*ACTIVITY*:
Repeat the records below exactly from the line containing "Breath, Desperate Measures." to the line containing "Hello, in this", taking in both of those lines. Drop the pictures.

Records from a data source:

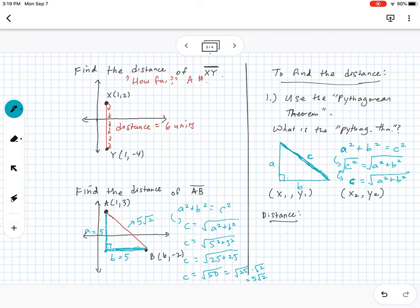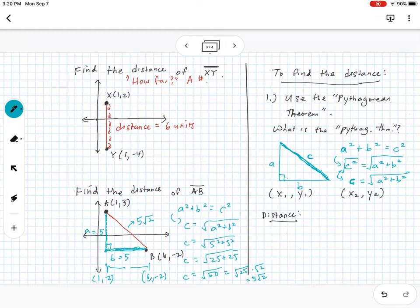So what exactly is the distance formula? How did I get that leg of 5? This point is (6, -2) and this one is (1, -2), and the distance between them is found by subtracting the x-coordinates: 6 minus 1 equals 5. So we subtract coordinates to find the leg lengths.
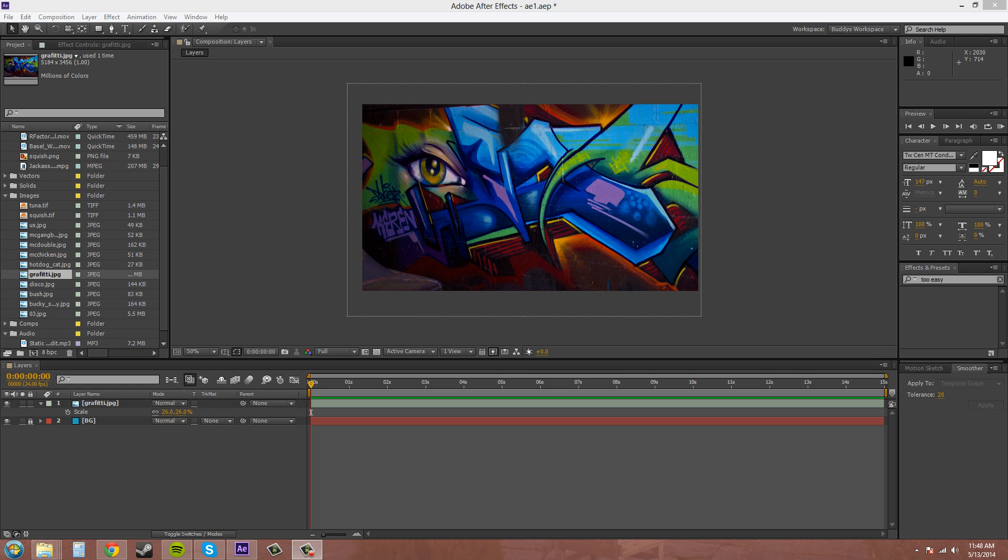Welcome back everybody to another After Effects CS6 tutorial. My name is Buddy Blackford and today we're going to be going over masking. I'm going to show you how to mask today with the shape tool and then in a later tutorial I'll show you how to mask with the pen tool.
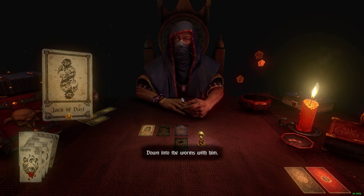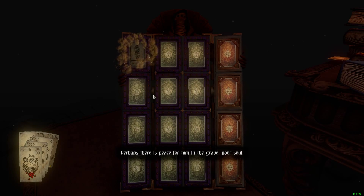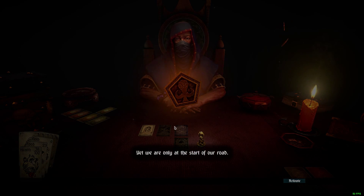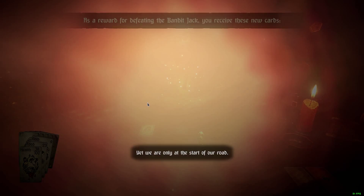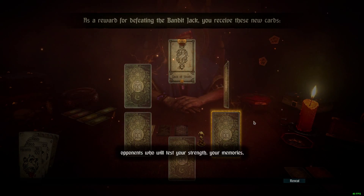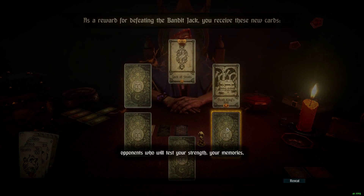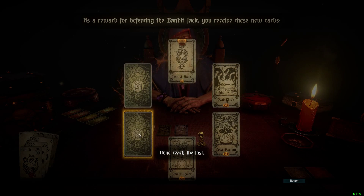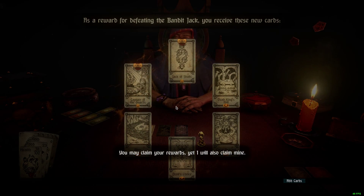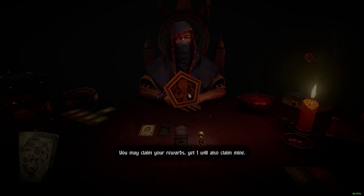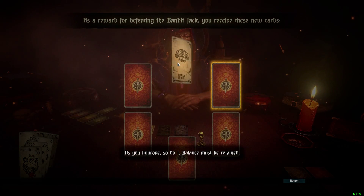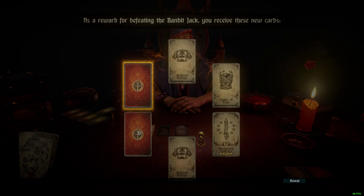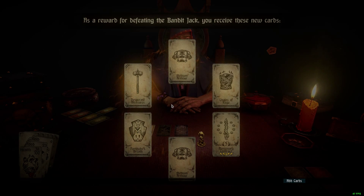'Down into the worms with him. Perhaps there is peace for him in the grave, poor soul.' And now it'll unlock the next card — one champion has been sent to the cabinet. Yet we are only at the start of our road. Let's unlock some more cards here. Jack of Skulls, Dead King's Hall, Local Peasant, Devil's Choice, River. Equipment unlocked: medium armor, Chains of Rage, Mercenary Contract, Fortitude's Breath, Desperate Measures.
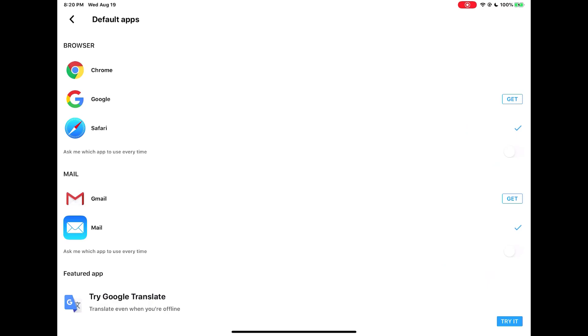It's best when using the iPad to use the native apps associated with the iPad. That's why we're picking Safari and Mail.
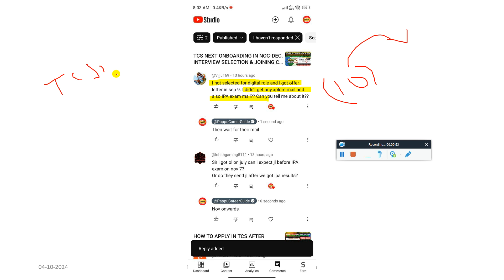After getting Xplore mail, then only they will add you in the Xplore community. And after that you will be part of IPA because IPA is for TCS Ninja and Digital candidates. So definitely once try to mail to them.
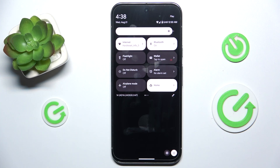Hello, in this video I'm gonna show you how to change the lock screen wallpaper on Google Pixel 9 Pro XL.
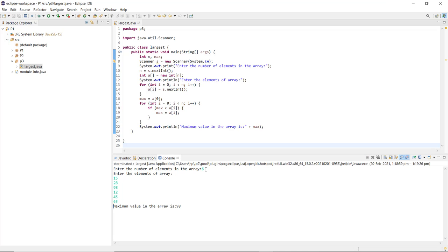I enter: 15, 28, 98, 12, 45, and 63. As I press Enter, it returns that the maximum value in the array is 98. This is how we can find the largest value from an array with the help of a Java program.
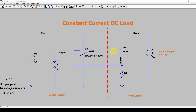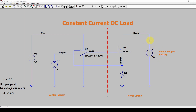I've got two parts of the circuit here: on the left is a control circuit, separated by a dashed line. So I've got the low-power, low-voltage control circuit on the left, and on the right side I've got the power circuit. This is the circuit that applies a current to an external device — for example a power supply or battery — allowing you to connect to its terminals and apply a constant current.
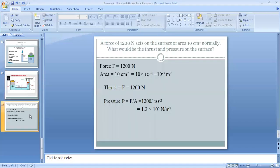Now, a numerical example based on pressure: A force of 1200 Newton acts normally on a surface of area 10 cm². What would be the thrust and pressure on the surface? The force is given as 1200 N and area is 10 cm². Since cm² is not the SI unit of area, we convert it to m² by multiplying by 10⁻⁴, giving 10 × 10⁻⁴ = 10⁻³ m².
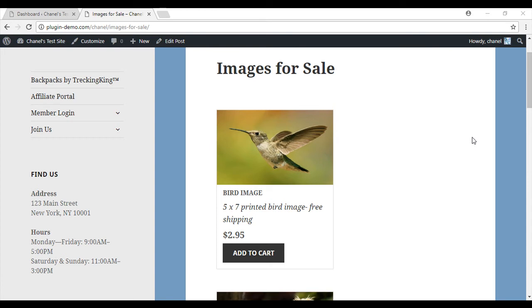Generally the checkout would appear in a cart on the sidebar or above or below products. In this tutorial I will show you how to display a checkout on its own page.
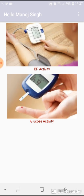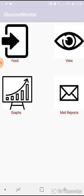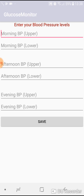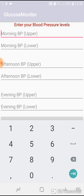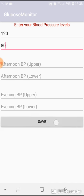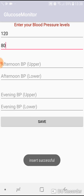There's one more activity - BP activity. You press it. Again this is very similar to the previous one. You have to feed. This time there are upper values and lower values. For example, in the morning the BP was 120 by 80. Just save it.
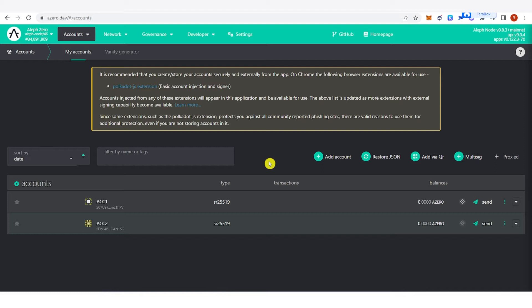The second account is the controller account, where it will cover your gas fees — specifically, it will cover your gas fees to nominate a validator. Once you have created both accounts, you're ready for the next step.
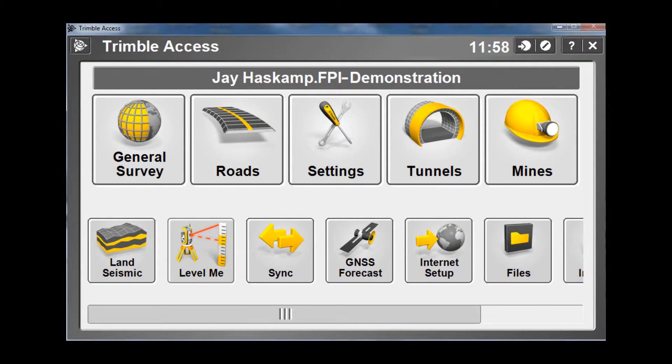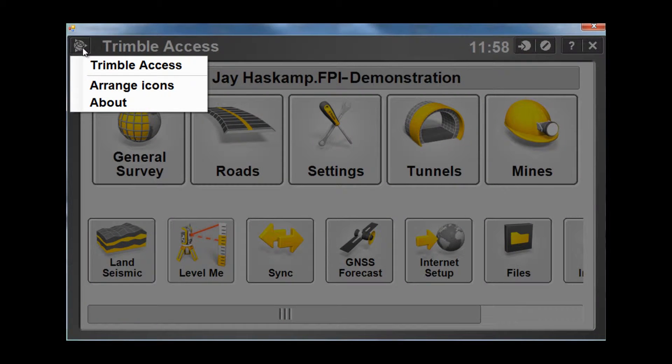From the main Trimble Access screen, choose the Trimble logo icon in the upper left hand corner. From the menu, choose About.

*WRITTEN SOLUTION*:
'Down into the worms with him. Perhaps there is peace for him in the grave, poor soul.' And now it'll unlock the next card — one champion has been sent to the cabinet. Yet we are only at the start of our road. Let's unlock some more cards here. Jack of Skulls, Dead King's Hall, Local Peasant, Devil's Choice, River. Equipment unlocked: medium armor, Chains of Rage, Mercenary Contract, Fortitude's Breath, Desperate Measures.
It's best when using the iPad to use the native apps associated with the iPad. That's why we're picking Safari and Mail.
After getting Xplore mail, then only they will add you in the Xplore community. And after that you will be part of IPA because IPA is for TCS Ninja and Digital candidates. So definitely once try to mail to them.
Hello, in this video I'm gonna show you how to change the lock screen wallpaper on Google Pixel 9 Pro XL.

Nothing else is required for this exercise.